Une nouvelle forme de servitude ?

 

« En responsabilisant un individu qui ne peut plus compter que sur ses propres ressources, on éloigne de lui l’idée du collectif. Diviser pour mieux régner ? Affirmatif, mon capitaine ! ». Voilà ce que nous dit Thierry Jobard dans son ouvrage Contre le développement personnel, paru en 2021.

 

Julia de Funès va encore plus loin : « La manipulation consiste à faire croire aux lecteurs ou aux clients qu’il s’agit de se libérer alors même qu’il s’agit de se régler, de se discipliner, volontairement et avec pugnacité. C’est une invitation à la servitude ».

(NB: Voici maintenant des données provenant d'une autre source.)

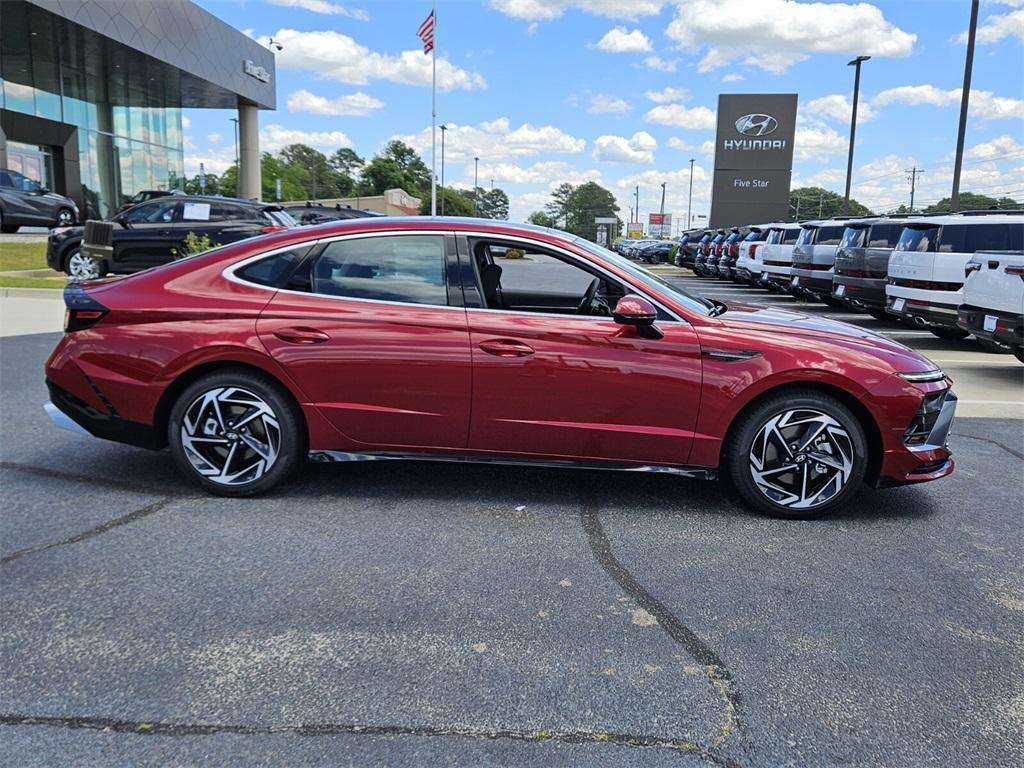 new 2025 Hyundai Sonata car, priced at $27,995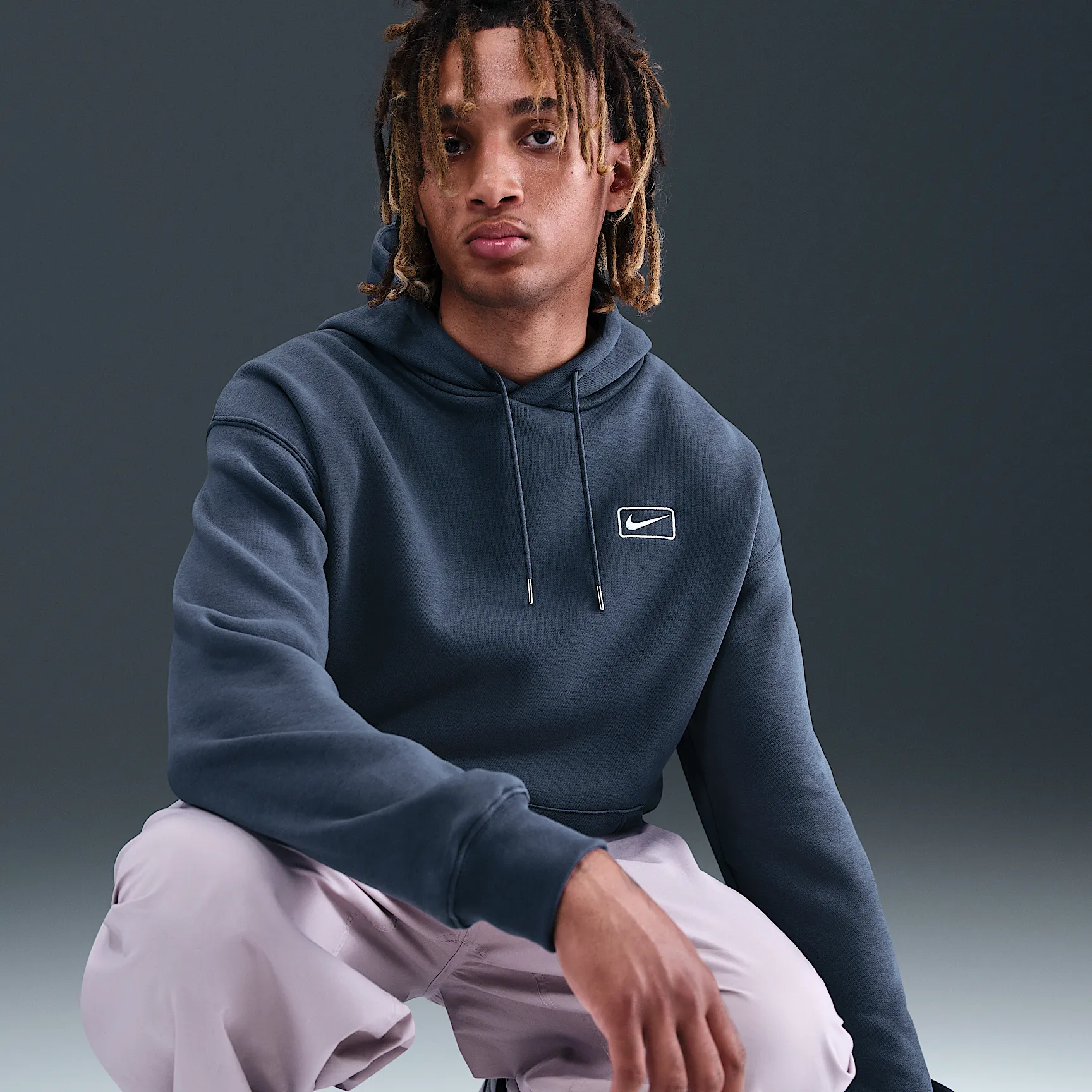 303B4C_Nike-Pullover-Hoodie_THUNDER-BLUE_IQ2769-437_img2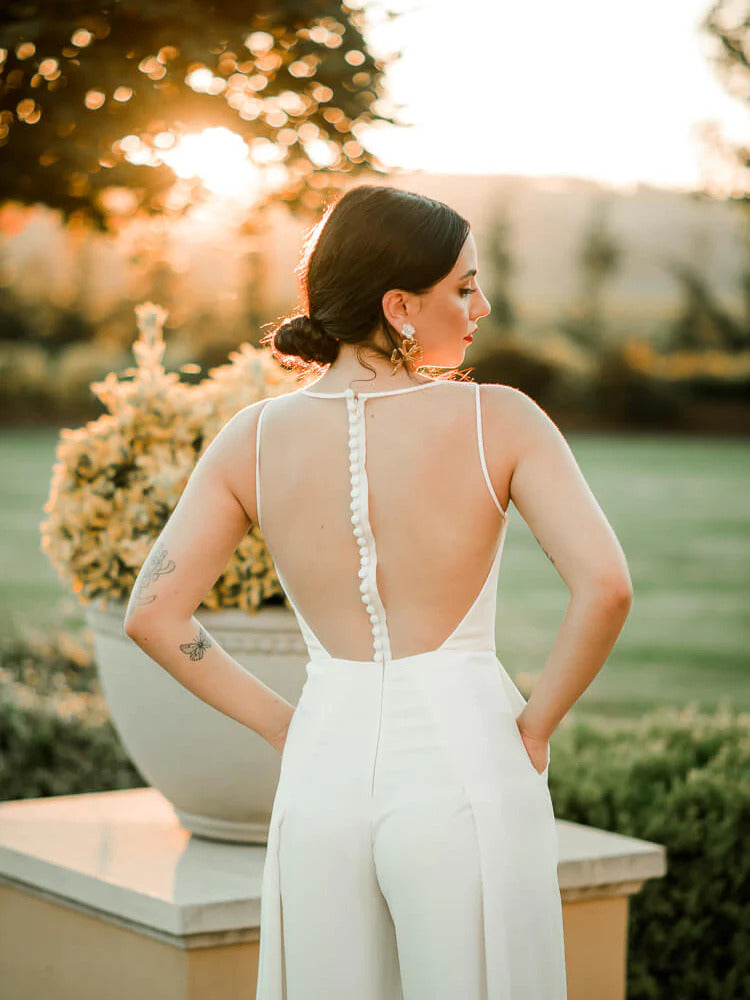  model wearing elopement outfit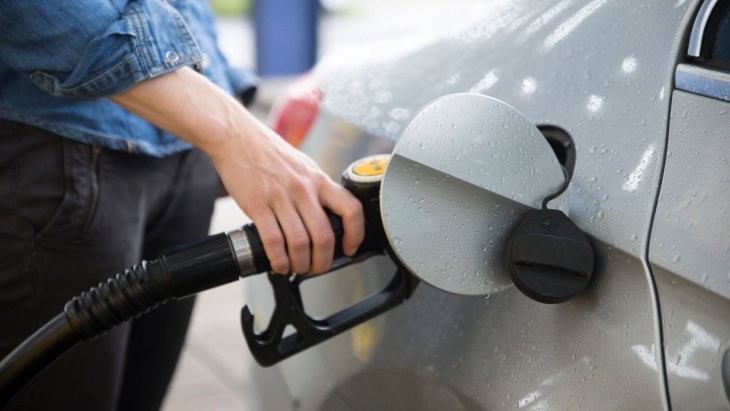 autos: benziner wird bei autofahrern wieder beliebter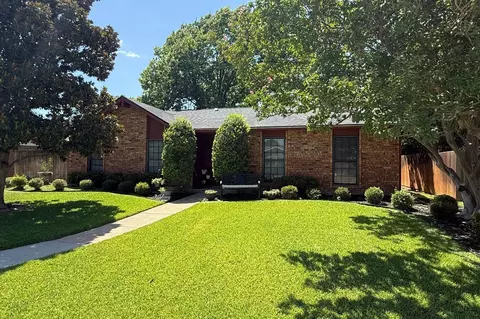 220 Willow Springs Dr, Coppell, TX 75019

Les réseaux sociaux n’aident pas, voire alimentent cet individualisme. L’idée qu’il faudrait se changer soi-même, évoluer et grandir, plutôt que s’attaquer à des problèmes sociétaux plus grands #soislechangementquetuveuxvoirdanslemonde.

 

Les créateur·rices de contenus spécialisés dans ces thématiques adorent mettre en avant des histoires de succès reposant uniquement sur la volonté (et sur le fait de suivre leur programme en 10 étapes). Si les coachs de sport, de développement personnel, ou de yoga peuvent avoir un impact bénéfique, notamment sur la santé physique, je regrette leur manque d’engagement politique pour offrir à leur communauté des outils sans culpabilisation en cas d’échec dans leurs projets.

 

Les croyances limitantes existent et peuvent nous entraver dans nos projets, c’est certain, mais ce ne sont pas les seules responsables des difficultés de certain·es à entreprendre.

 

Bref, je ne vous dirai jamais de ne pas lire tel ou tel livre, de ne pas faire de yoga, premièrement parce que je n’ai pas à vous donner de leçons sur ce que vous faîtes de vos journées. D’ailleurs, j’ai bien aimé les idées énoncées dans Les quatre accords toltèques, vraiment !

 

L’objectif de cet article, c’est plutôt d’ouvrir une réflexion commune : nous pouvons mettre en place des choses dans notre quotidien pour prendre soin de soi, pour communier avec son for intérieur et améliorer sa vie, mais ça ne doit pas nous empêcher de se rassembler, de se connecter et de remarquer qu’on habite un système à multiple vitesses suivant nos privilèges et les discriminations qui nous traversent, au-delà de notre seule volonté. Et juste au cas où : vivre en tant que femme dans ce monde, c’est déjà avoir une volonté de compet.